If your team is controlling teamfights and you have no problem staying alive buy Zz'Rot Portal to become extra tanky with the resistances it offers. If teamfights are a problem you can get Locket of the Iron Solari and use it to keep you and your carry alive.

Either way, with any extra gold get Elixir of Iron and possibly sell your boots for more appropriate defensive boots. The time to be running all over the map is over. If you sell your Mobility Boots you can buy defensive boots for 330 gold difference. That late in the game that's a worthwhile investment to stay alive longer. Once revive timers get too long the next fight is quite likely the winning fight so you want to cash in and double down on teamfight utility.

There's not much to say here, because this is just late game League. Make sure to keep Chilling Smite ready for any objectives or to pick someone off to give your team an advantage. You don't really need it for shoving waves at this point anyway.

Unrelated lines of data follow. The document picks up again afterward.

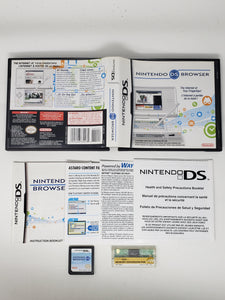 Nintendo DS Browser - Nintendo DS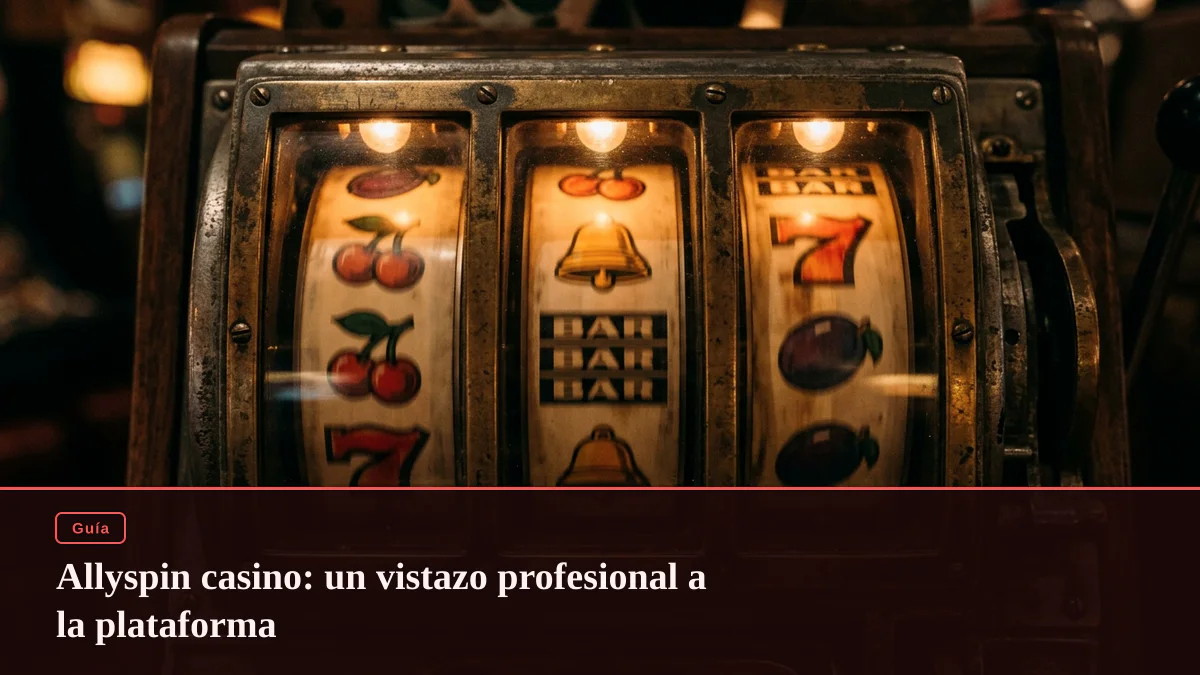Allyspin casino: un vistazo profesional a la plataforma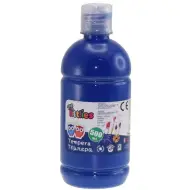 Tempera colore blu 500ml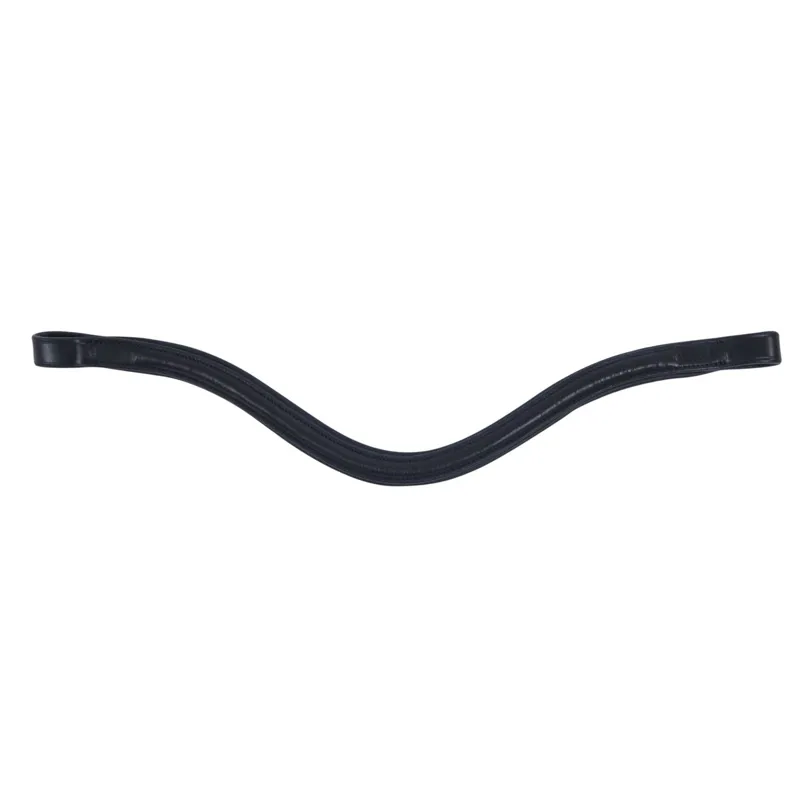 Collegiate Curved Raised Browband IV - Black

Back up your carry, push to inhib, take Baron, push another inhib and win game. That's the plan at this point.
Changelist
  • August 23, 2019 Remove Electrocute from the runes.
  • August 7, 2019 Overhaul items and runes. Add Unflinching's synergy with Smite.
  • July 30, 2019 Add a couple gameplay videos, per request.
  • July 24, 2019 Add more to Wave Management section. Still Work in progress.
  • July 9, 2019 Add rough draft of Wave Management section. Definitely work in progress.
  • July 8, 2019 Add acknowledgments section. Work in progress.
  • July 5, 2019 Finish quick and dirty "early, mid and late" game descriptions. Work in progress.
  • July 3, 2019 Initial release. Work in progress.